Interestingly, while The Way Spring Arrives and Other Stories has received a rating of 8.3 out of 10 on reviewing platform Douban, a small number of readers who gave a low rating state they are “disappointed” because “[the content] doesn’t have anything to do with women,” and accuse the book of not being “feminist enough.” Indeed, most of the stories in the collection do not feature gender equality as a central theme, nor do all of them spotlight heroines.
Is it a necessary task of a collection of sci-fi and fantasy stories with a female and non-binary team of creators to spotlight gender issues? ”I don’t think the definition of feminism should be viewed so narrowly, nor do female creators automatically equate to what is expected of ‘feminism’ (especially in the Chinese context),” Emily Xueni Jin writes in a message to TWOC.
The anthology’s writers take different standpoints on the importance of their gender in their creative process. During an interview with media platform Quanxianzai, Wang Nuonuo said that as a “female sci-fi writer,” she found the term “female“ the least significant part of the label. However, sci-fi author Gu Shi, herself a researcher at the China Academy of Urban Planning and Design, feels a responsibility to create ”more powerful female figures” so that young readers will know that women are not just wives and mothers but also ”architects, urban planners, scientists, and astronauts”—as she told the audience at a book launch event in February 2022 at Beijing’s Inside-Out Museum.
For Jin, that these writers are being platformed at all is the main point. “We as the minorities can have a voice and opportunity to make money.
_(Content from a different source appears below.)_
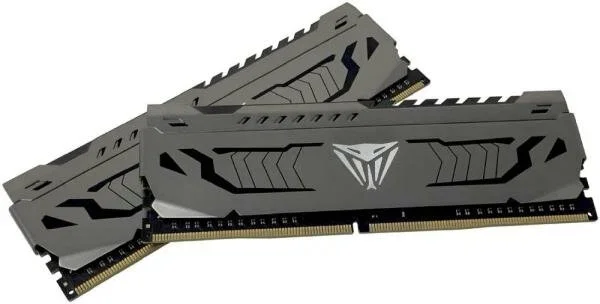 Оперативная память Patriot Viper Steel, DDR4, 32GB (1x32 GB), 3200 MHz, CL16, DIMM, радиатор, черный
Together we break the status quo where male writers have an absolute dominance in Chinese sci-fi translated for an overseas audience. That’s definitely a way in which feminism could take form.”
Corrections: This article has been amended to reflect a mistake in Yiling Wang’s name and replacing incomplete statistics from Publishers Weekly's translation database on the numbers of works translated from Chinese in 2021.